**What the task requires:** These records contain pictures, which must be left out; copy exactly the lines from the one with "Everybody, I'm making" up to and including the one with "If you want".

**Available data:**
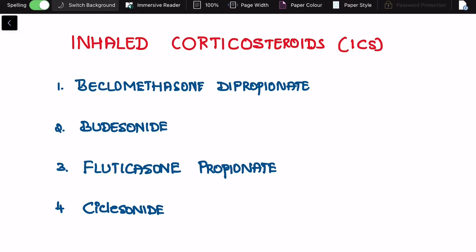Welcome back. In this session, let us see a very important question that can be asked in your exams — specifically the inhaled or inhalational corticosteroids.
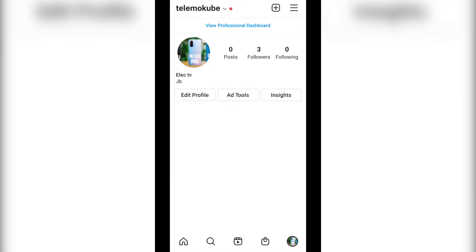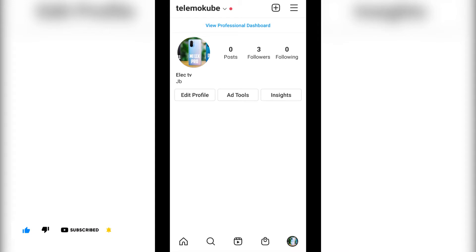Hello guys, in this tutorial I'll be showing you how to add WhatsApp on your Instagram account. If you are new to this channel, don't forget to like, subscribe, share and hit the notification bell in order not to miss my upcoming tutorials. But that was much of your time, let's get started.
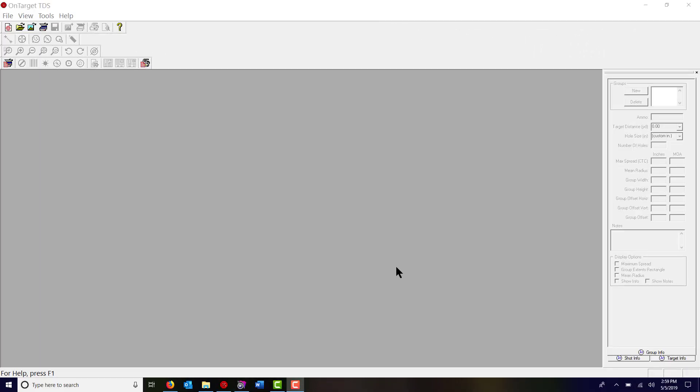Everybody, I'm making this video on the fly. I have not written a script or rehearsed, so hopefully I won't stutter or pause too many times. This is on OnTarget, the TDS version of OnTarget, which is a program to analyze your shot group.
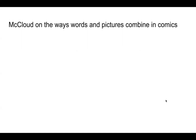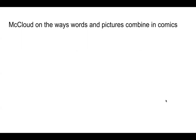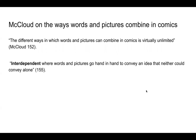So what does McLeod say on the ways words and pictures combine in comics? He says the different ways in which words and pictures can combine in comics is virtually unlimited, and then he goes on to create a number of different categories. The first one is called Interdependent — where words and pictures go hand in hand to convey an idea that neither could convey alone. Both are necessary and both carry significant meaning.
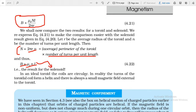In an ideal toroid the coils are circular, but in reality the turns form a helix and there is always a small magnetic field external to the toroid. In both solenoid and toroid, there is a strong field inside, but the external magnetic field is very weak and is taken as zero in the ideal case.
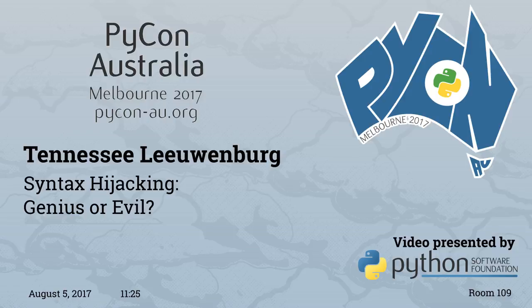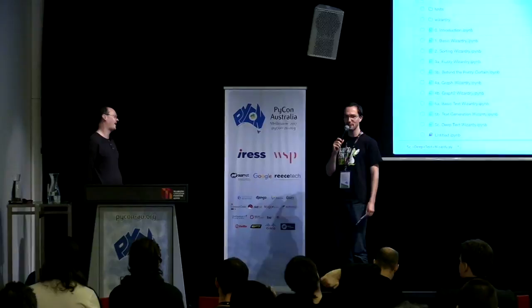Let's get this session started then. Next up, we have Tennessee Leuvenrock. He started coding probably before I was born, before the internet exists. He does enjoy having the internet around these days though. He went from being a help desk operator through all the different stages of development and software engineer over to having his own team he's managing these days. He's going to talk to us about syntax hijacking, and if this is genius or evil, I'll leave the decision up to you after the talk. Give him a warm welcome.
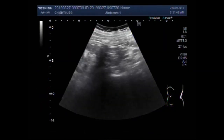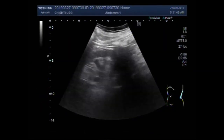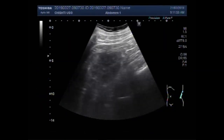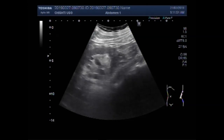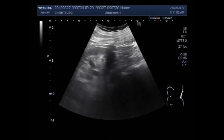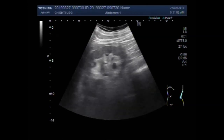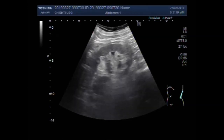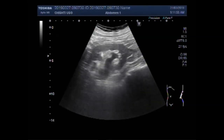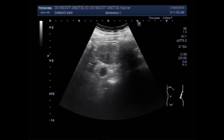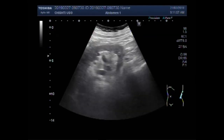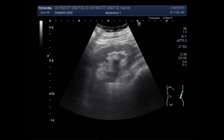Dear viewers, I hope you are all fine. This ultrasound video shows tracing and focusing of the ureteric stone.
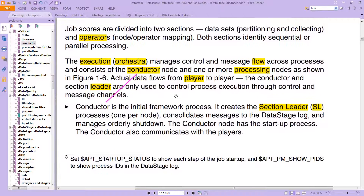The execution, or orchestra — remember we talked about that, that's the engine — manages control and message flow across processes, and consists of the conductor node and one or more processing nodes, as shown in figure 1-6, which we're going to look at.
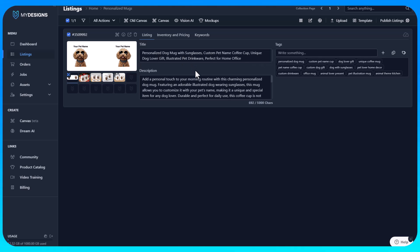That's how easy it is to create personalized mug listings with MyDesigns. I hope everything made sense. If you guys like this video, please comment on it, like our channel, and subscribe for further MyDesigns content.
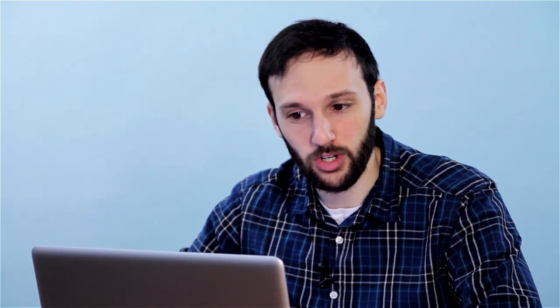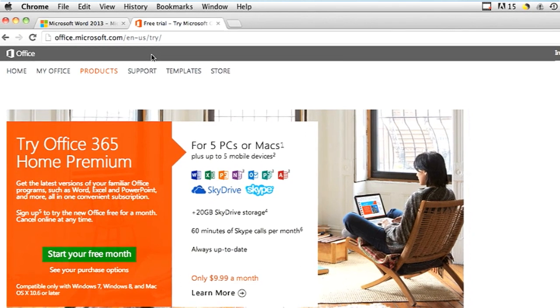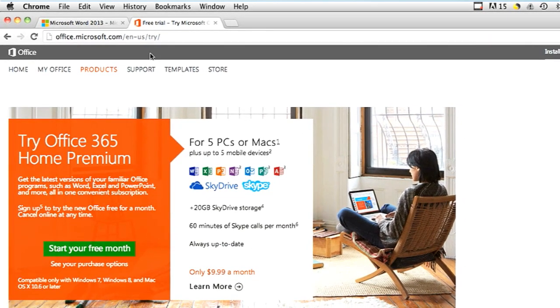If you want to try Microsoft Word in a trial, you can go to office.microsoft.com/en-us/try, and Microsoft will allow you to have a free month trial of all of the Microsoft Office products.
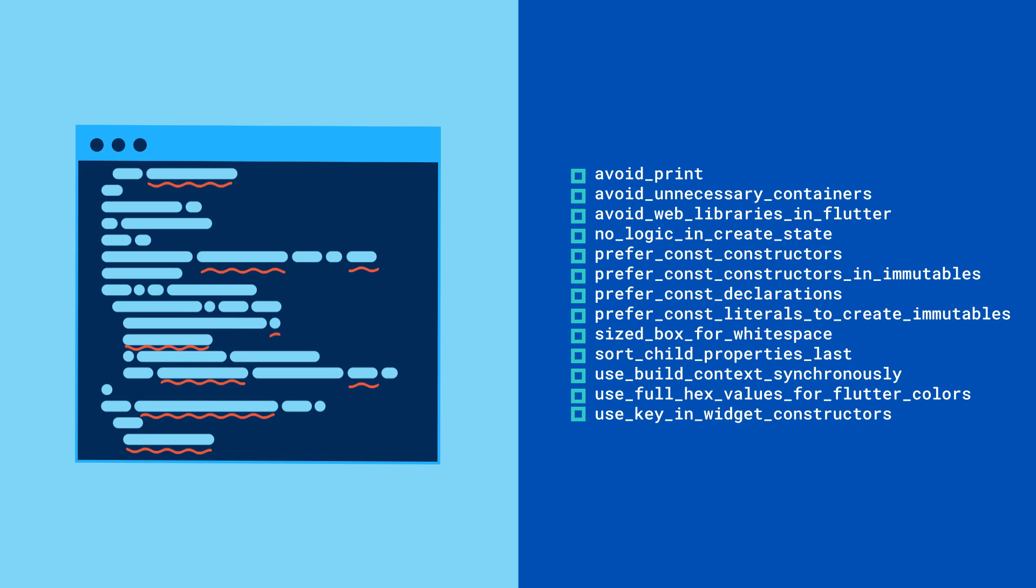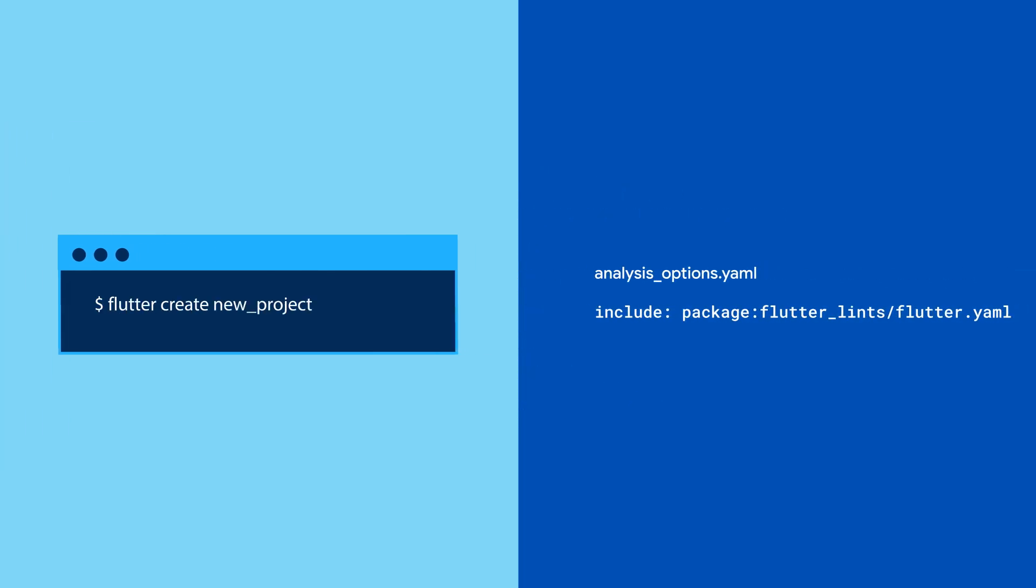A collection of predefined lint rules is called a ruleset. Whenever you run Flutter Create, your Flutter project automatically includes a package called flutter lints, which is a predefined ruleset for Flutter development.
* * *
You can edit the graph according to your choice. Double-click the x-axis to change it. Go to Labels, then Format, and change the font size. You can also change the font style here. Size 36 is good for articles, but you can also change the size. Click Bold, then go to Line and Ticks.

**Answer to this exercise:**
Everybody, I'm making this video on the fly. I have not written a script or rehearsed, so hopefully I won't stutter or pause too many times. This is on OnTarget, the TDS version of OnTarget, which is a program to analyze your shot group.
So what does McLeod say on the ways words and pictures combine in comics? He says the different ways in which words and pictures can combine in comics is virtually unlimited, and then he goes on to create a number of different categories. The first one is called Interdependent — where words and pictures go hand in hand to convey an idea that neither could convey alone. Both are necessary and both carry significant meaning.
In an ideal toroid the coils are circular, but in reality the turns form a helix and there is always a small magnetic field external to the toroid. In both solenoid and toroid, there is a strong field inside, but the external magnetic field is very weak and is taken as zero in the ideal case.
Let's get this session started then. Next up, we have Tennessee Leuvenrock. He started coding probably before I was born, before the internet exists. He does enjoy having the internet around these days though. He went from being a help desk operator through all the different stages of development and software engineer over to having his own team he's managing these days. He's going to talk to us about syntax hijacking, and if this is genius or evil, I'll leave the decision up to you after the talk. Give him a warm welcome.
Dear viewers, I hope you are all fine. This ultrasound video shows tracing and focusing of the ureteric stone.
The execution, or orchestra — remember we talked about that, that's the engine — manages control and message flow across processes, and consists of the conductor node and one or more processing nodes, as shown in figure 1-6, which we're going to look at.
That's how easy it is to create personalized mug listings with MyDesigns. I hope everything made sense. If you guys like this video, please comment on it, like our channel, and subscribe for further MyDesigns content.
If you want to try Microsoft Word in a trial, you can go to office.microsoft.com/en-us/try, and Microsoft will allow you to have a free month trial of all of the Microsoft Office products.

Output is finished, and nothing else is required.